Text-to-Speech Synthesis

We saw in Chapter 13 that, despite the approximations in all the vocal-tract models concerned, the limiting factor in generating high-quality speech is not so much in converting the parameters into speech, but in knowing which parameters to use for a given synthesis specification. Determining these by hand-written rules can produce fairly intelligible speech, but the inherent complexities of speech seem to place an upper limit on the quality that can be achieved in this way. The various second-generation synthesis techniques explained in Chapter 14 solve the problem by simply measuring the values from real speech waveforms. Although this is successful to a certain extent, it is not a perfect solution. As we will see in Chapter 16, we can never collect enough data to cover all the effects we wish to synthesize, and often the coverage we have in the database is very uneven.
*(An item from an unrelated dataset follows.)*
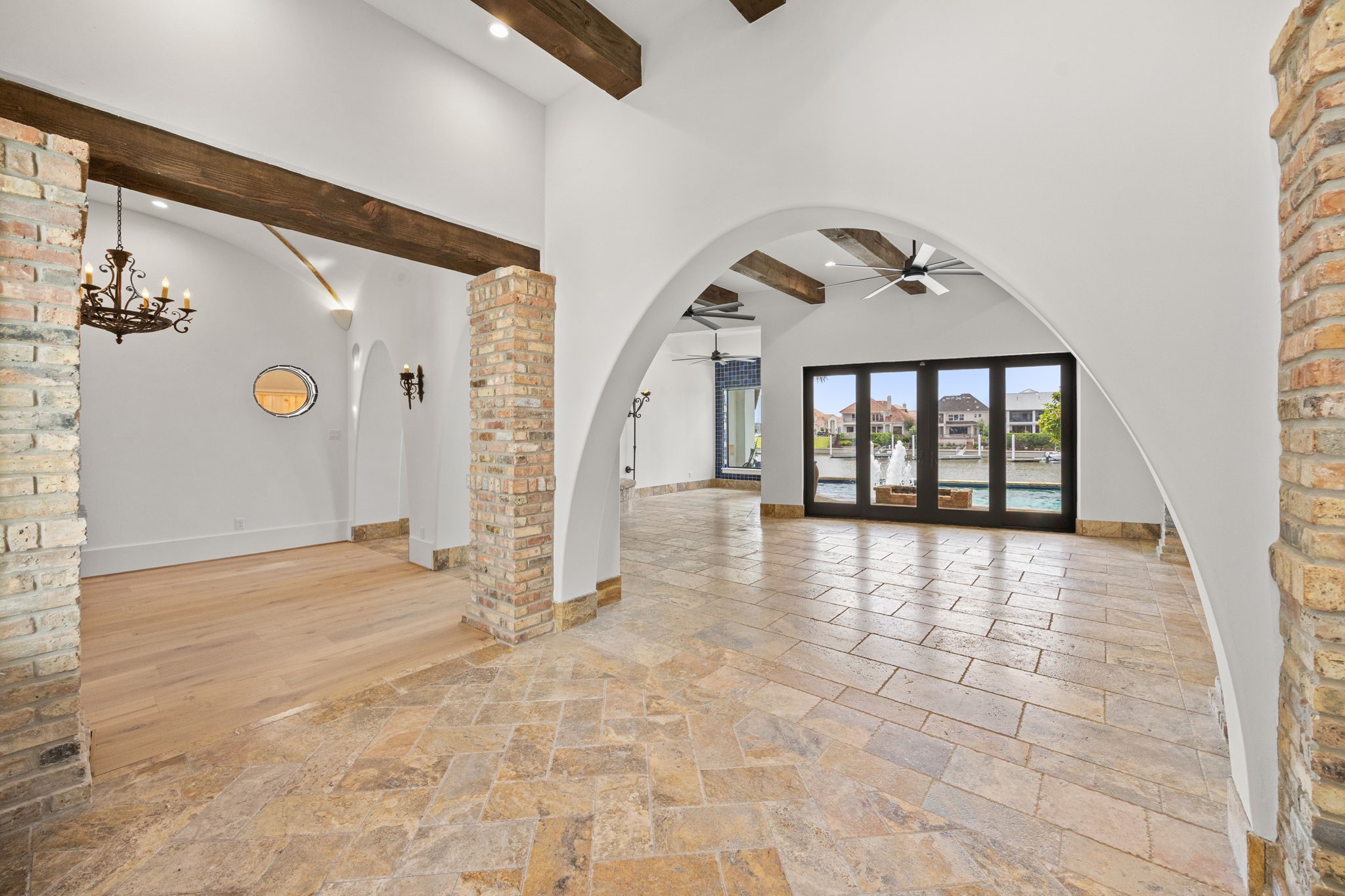 The formal entry is enhanced by rich brick accents and a soaring ceiling, offering stunning sightlines that extend through the home to the pool and marina beyond. The formal entry is enhanced by rich brick accents and a soaring ceiling, offering stunning sightlines that extend through the home to the pool and marina beyond.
Furthermore, the concatenative approach always limits us to recreating what we have recorded; in a sense all we are doing is reordering the original data.
An alternative is to use statistical, machine-learning techniques to infer the specification-to-parameter mapping from data. While this and the concatenative approach can both be described as data-driven, in the concatenative approach we are effectively memorising the data, whereas in the statistical approach we are attempting to learn the general properties of the data. Two advantages that arise from statistical models are that firstly we require orders of magnitude less memory to store the parameters of the...